# Records for this task:

*-*-*

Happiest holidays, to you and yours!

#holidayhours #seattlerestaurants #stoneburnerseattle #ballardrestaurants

*-*-*

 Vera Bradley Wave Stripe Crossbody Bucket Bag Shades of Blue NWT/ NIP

*-*-*

# To do:
Once you find the line with "Happiest holidays, to you and yours!" in the entries above, output it and each line after it up to and including the line with "#holidayhours #seattlerestaurants #stoneburnerseattle", and nothing else.

# Solution below:
Happiest holidays, to you and yours!

#holidayhours #seattlerestaurants #stoneburnerseattle #ballardrestaurants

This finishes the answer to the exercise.